Then the most visible opposition leader — and now Libya's de facto president — Abdul-Jalil seemed to embody the country's promise of democratic change. A former justice minister, he had defected early to the rebel cause and came with a reputation for dissent and honesty despite his role in the Gadhafi regime. If anyone could corral the competing factions in the aftermath of Gadhafi's ouster, surely he could, Libyans said at the time.

"We need unity, rejecting fear and envy with no retaliation or injustice," Abdul-Jalil proclaimed to cheers so thunderous they drowned out parts of his speech.

Six months later, however, fear, retaliation and injustice are hallmarks of the new Libya. Vigilante justice reigns, human rights abuses are rampant and loose weapons float around the country — and across the border into Egypt — with little hindrance, according to human rights groups and analysts who've monitored the country's transition.

It's been a year this week since Libya joined the Arab Spring uprisings, six months since the regime collapsed and four months since Gadhafi's execution by rebel captors. The reviews of Abdul-Jalil's fragile state are downbeat.

Rival militias, powerful tribes, well-organized Islamists and semi-autonomous cities such as Misrata openly defy his weak administration. Ordinary Libyans are fed up with the car thefts and the carousing of the militiamen they once hailed as heroic warriors, and they blame Abdul-Jalil for not standing up to the paramilitary commanders.

The interim government has failed to intervene in the forced displacement of some 30,000 people from Tawergha, a community of black Libyans adjacent to Misrata whom Misratans accuse of siding with Gadhafi during the fighting.

The Misratans razed and looted homes, torched shops and renamed the town New Misrata. Tawergha's former residents were forced into makeshift camps where aid groups have documented rapes; many men were tortured or killed in the cleansing. Yet "no action has been taken to hold the perpetrators accountable or to allow the displaced communities to return home," Amnesty International said in a scathing report this week.

Abdul-Jalil's sinking popularity became evident last month when protesters, reportedly demanding more transparency from their new leaders, stormed the headquarters of his National Transitional Council in the eastern city of Benghazi.

News photos of the incident showed a besieged Abdul-Jalil surrounded by protesters pointing angrily at him. He asked them for patience, news reports said, but people in the crowd hurled bottles and he was forced to flee out a back exit. It was an ignominious escape for a man who was the international face of Libya's NATO-backed revolution.

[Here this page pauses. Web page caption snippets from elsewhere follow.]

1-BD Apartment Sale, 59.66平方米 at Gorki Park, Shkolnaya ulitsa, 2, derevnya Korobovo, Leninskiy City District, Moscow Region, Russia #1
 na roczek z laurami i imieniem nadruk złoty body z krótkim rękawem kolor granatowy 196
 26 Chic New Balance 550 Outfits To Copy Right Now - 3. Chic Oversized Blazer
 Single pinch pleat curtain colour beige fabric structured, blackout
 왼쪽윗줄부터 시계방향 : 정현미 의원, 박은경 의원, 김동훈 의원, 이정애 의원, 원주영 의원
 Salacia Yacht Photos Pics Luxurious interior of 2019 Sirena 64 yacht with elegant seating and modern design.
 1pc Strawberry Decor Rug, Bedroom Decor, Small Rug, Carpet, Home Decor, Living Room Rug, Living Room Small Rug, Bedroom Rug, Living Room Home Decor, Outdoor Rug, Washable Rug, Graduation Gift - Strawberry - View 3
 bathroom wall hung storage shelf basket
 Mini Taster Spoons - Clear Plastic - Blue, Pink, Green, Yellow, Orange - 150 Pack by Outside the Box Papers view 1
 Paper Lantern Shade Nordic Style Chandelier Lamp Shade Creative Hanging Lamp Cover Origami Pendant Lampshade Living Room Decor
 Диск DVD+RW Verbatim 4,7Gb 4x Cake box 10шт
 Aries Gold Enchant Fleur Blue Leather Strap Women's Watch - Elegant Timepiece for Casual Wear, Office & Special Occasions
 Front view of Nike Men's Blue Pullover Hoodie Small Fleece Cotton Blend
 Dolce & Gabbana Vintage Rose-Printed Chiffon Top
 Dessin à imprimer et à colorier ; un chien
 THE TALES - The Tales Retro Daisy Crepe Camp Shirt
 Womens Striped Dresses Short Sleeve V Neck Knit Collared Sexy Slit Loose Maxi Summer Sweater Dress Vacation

"He's a good person, kind, but not political enough and that was the problem," said Khalifa al Daghari, a science professor from Bayda who was among Abdul-Jalil's earliest advisers and is chairman of a new liberal party. "He lost control a long time ago. The Islamists and the Misratans won't let him do anything."

At the top of the laundry list of Abdul-Jalil's problems are the militias, which Amnesty International described in its report as "out of control." Human rights groups say the militias are guilty of torturing and killing prisoners in their custody, both Libyans and sub-Saharan Africans.